Péah chapitre 4, Michna 10. Cette Michna vient définir l'obligation du léket. Comme nous l'avons appris, le léket est ce qui tombe au cours du processus de la moisson, et c'est précisément la définition que la Michna nous présente.
"Ézéhou léket ? Hanochér bichéat ktsira" - ce qui tombe à terre au moment de la moisson et n'est pas ramassé avec le reste de la récolte appartient au pauvre.
La chute résultant d'un imprévu :
La Michna poursuit : "Haya kotsér, katsar melo yado... vénafal miyado laarets - haré hou chel baal habayit". Le moissonneur a coupé le plein de son bras, et dans le langage de la Michna le mot "yad" désigne le bras, selon la définition du Rambam, et non la paume de la main, car le cas suivant dans la Michna est "melo koumtso" - ce qui remplit la paume de sa main. Que ce soit le plein d'un bras ou le plein d'une poignée, il entoure de son bras ou de sa paume la gerbe de blé, et pendant qu'il fait cela une épine l'a piqué et tout ce qu'il avait coupé est tombé à terre.
Pourquoi cela n'est-il pas considéré comme léket ? Deux raisons ont été données à cela :
À cause de l'imprévu : ce n'est pas quelque chose qui s'est produit dans le déroulement normal de la moisson, mais à cause d'un événement extérieur - l'épine qui l'a blessé et qui l'a fait laisser tomber le blé. C'est pourquoi le blé appartient au propriétaire du champ.
À cause du moment : certains expliquent qu'au moment où il est tombé il l'avait déjà coupé, et la chute s'est produite après. C'est pourquoi ce n'est pas "ce qui tombe pendant la moisson" - au moment de la moisson elle-même - mais quelque chose qui est arrivé après elle, et cela n'appartient pas au pauvre mais au propriétaire.
"Toch hayad vétoch hamaguel" :
La Michna poursuit : "Toch hayad vétoch hamaguel - léaniyim". Si cela est tombé de la main ou de la faucille, c'est-à-dire la serpe, l'outil avec lequel il moissonne, alors ce qui tombe appartient aux pauvres. "Ahar hayad véahar hamaguel" - si cela est tombé en dehors de la main ou du bras et en dehors de la faucille, alors cela appartient au propriétaire, car ce n'est pas considéré comme faisant partie de la moisson mais comme quelque chose qui lui est extérieur et secondaire.
Que veut dire exactement "toch hayad vétoch hamaguel" ? Trois manières de comprendre la Michna :
Les deux conditions ensemble : il faut que ce soit à la fois dans la main et dans la faucille pour que le pauvre l'acquière. Selon cela, "ahar hayad véahar hamaguel" signifie qu'il suffit de l'un d'eux - hors de la main ou hors de la faucille.
Il suffit de l'un d'eux : "toch hayad vétoch hamaguel" - ceci ou cela, et il suffit que l'une des deux conditions soit remplie. Selon cela, "ahar hayad véahar hamaguel" exige les deux conditions ensemble : ni dans la main ni dans la faucille, et alors seulement cela appartient au propriétaire.
Deux cas de figure distincts : "yad" et "maguel" sont deux types de cas complètement différents. "Toch hayad" se rapporte à celui qui moissonne en arrachant à la main sans outil : si cela est tombé de la main - aux pauvres, et si cela est tombé en dehors de la main ou du bras - au propriétaire. "Toch hamaguel" se rapporte à celui qui moissonne avec un outil, et ce sont deux sujets distincts.

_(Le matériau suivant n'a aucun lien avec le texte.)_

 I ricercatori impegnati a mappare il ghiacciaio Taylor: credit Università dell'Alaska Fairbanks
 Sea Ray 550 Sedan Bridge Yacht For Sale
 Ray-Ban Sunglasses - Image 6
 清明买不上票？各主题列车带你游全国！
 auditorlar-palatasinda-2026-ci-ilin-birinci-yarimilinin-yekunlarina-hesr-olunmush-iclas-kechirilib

Roch hayad et roch hamaguel :
Quelle est la loi lorsque cela est tombé précisément à l'extrémité - au bout de la gerbe tenue dans la main ou au bout de la faucille ? Sur ce point les Tannaïm sont en désaccord :
Rabbi Yichmaël dit : aux pauvres - nous considérons cela comme s'il était dans la main ou dans la faucille, par égard pour le pauvre.
Rabbi Akiva dit : au propriétaire - nous considérons cela comme s'il était en dehors de la main et en dehors de la faucille, et par conséquent cela appartient au propriétaire du champ.

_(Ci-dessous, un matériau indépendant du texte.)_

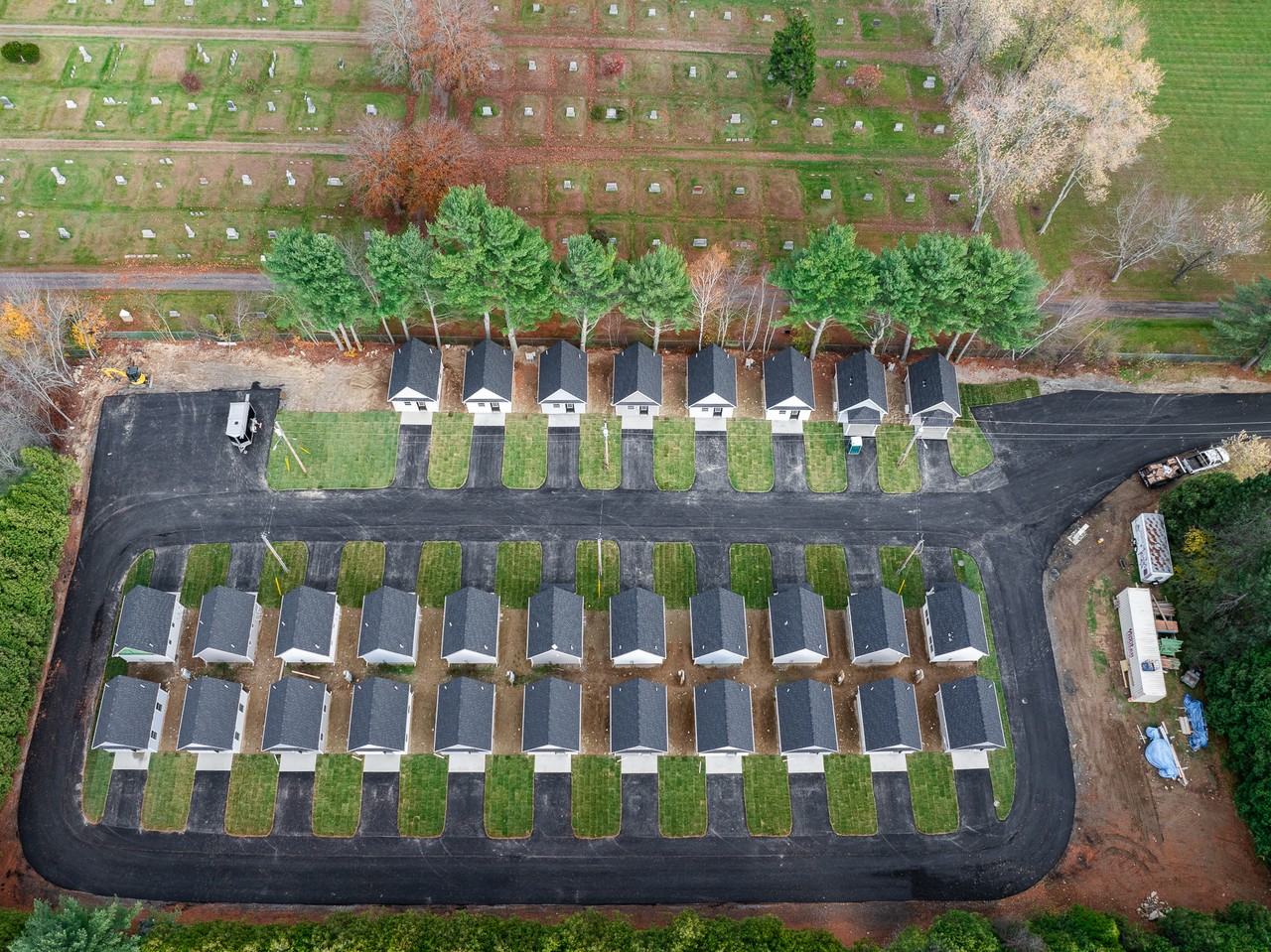 1337 Hammond St #9 - Photo 4 of 14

En résumé : dans cette Michna nous avons appris la définition du léket - "ce qui tombe pendant la moisson" ; que la chute causée par une épine n'est pas du léket, soit parce qu'il s'agit d'un imprévu, soit parce qu'elle s'est produite après la moisson ; la règle de "toch hayad vétoch hamaguel" avec ses trois manières de la comprendre ; et le désaccord entre Rabbi Yichmaël et Rabbi Akiva concernant ce qui tombe à l'extrémité de la main et à l'extrémité de la faucille.